I have a few zip and rar files that I'm working with, and I'm trying to analyze the properties of how each file was compressed (compression level, compression algorithm (e.g. deflate, LZMA, BZip2), dictionary size, word size, etc.), and I haven't figured out a way to do this yet.
Is there any way to analyze the files to determine these properties, with software or otherwise?
Cheers and thanks!
I suggest hachoir-wx to have a look at these files. How to install a Python package or you can try ActivePython with PyPM when using Windows. When you have the necessary hachoir packages installed, you can do something like this to run the GUI:
python C:\Python27\Scripts\hachoir-wx
It enables you to browse through the data fields of RAR and ZIP files. See this screenshot for an example.
For RAR files, have a look at the technote.txt file that is in the WinRAR installation directory. This gives detailed information of the RAR specification. You will probably be interested in these:
HEAD_FLAGS Bit flags: 2 bytes
0x10 - information from previous files is used (solid flag)

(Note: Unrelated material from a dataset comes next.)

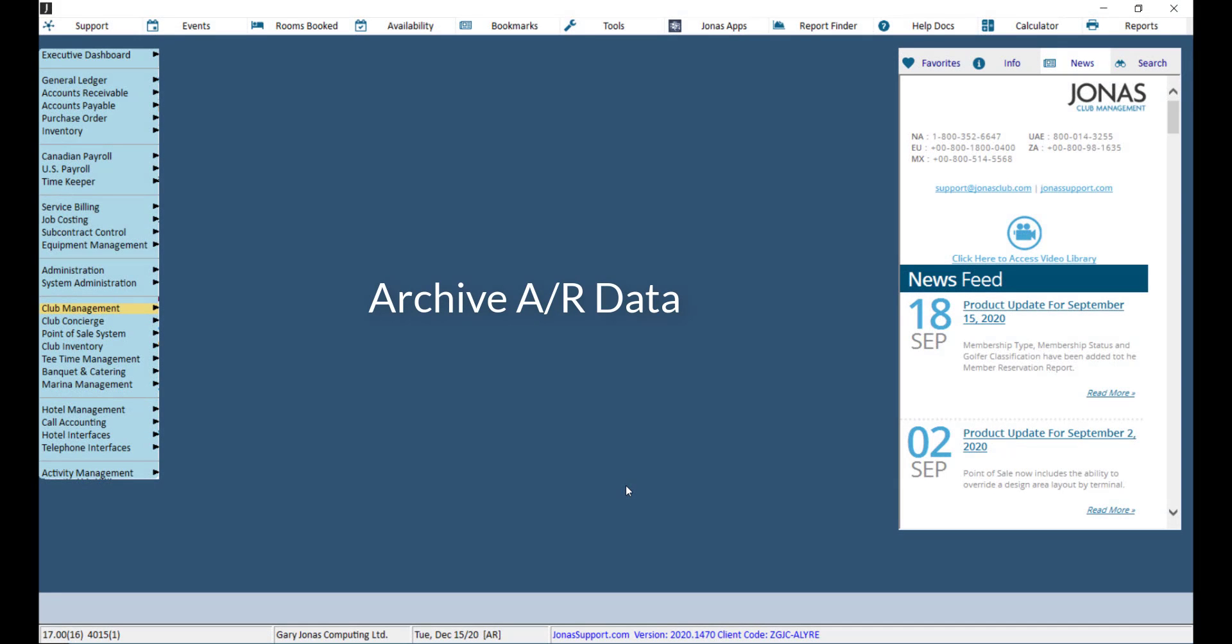Transferring data to history is beneficial because it can help speed up your system when using everyday lookups and removes unnecessary information from your everyday reports. The history can always be viewed in certain reports.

bits 7 6 5 (for RAR 2.0 and later)
0 0 0 - dictionary size 64 KB
0 0 1 - dictionary size 128 KB
0 1 0 - dictionary size 256 KB
0 1 1 - dictionary size 512 KB
1 0 0 - dictionary size 1024 KB
1 0 1 - dictionary size 2048 KB
1 1 0 - dictionary size 4096 KB
1 1 1 - file is directory
Dictionary size can be found in the WinRAR GUI too.
METHOD Packing method 1 byte
0x30 - storing
0x31 - fastest compression
0x32 - fast compression
0x33 - normal compression
0x34 - good compression
0x35 - best compression
And Wikipedia also knows this:
The RAR compression utility is proprietary, with a closed algorithm. RAR is owned by Alexander L. Roshal, the elder brother of Eugene Roshal. Version 3 of RAR is based on Lempel-Ziv (LZSS) and prediction by partial matching (PPM) compression, specifically the PPMd implementation of PPMII by Dmitry Shkarin.
For ZIP files I would start by having a look at the specifications and the ZIP Wikipedia page. These are probably interesting:
general purpose bit flag: (2 bytes)
compression method: (2 bytes)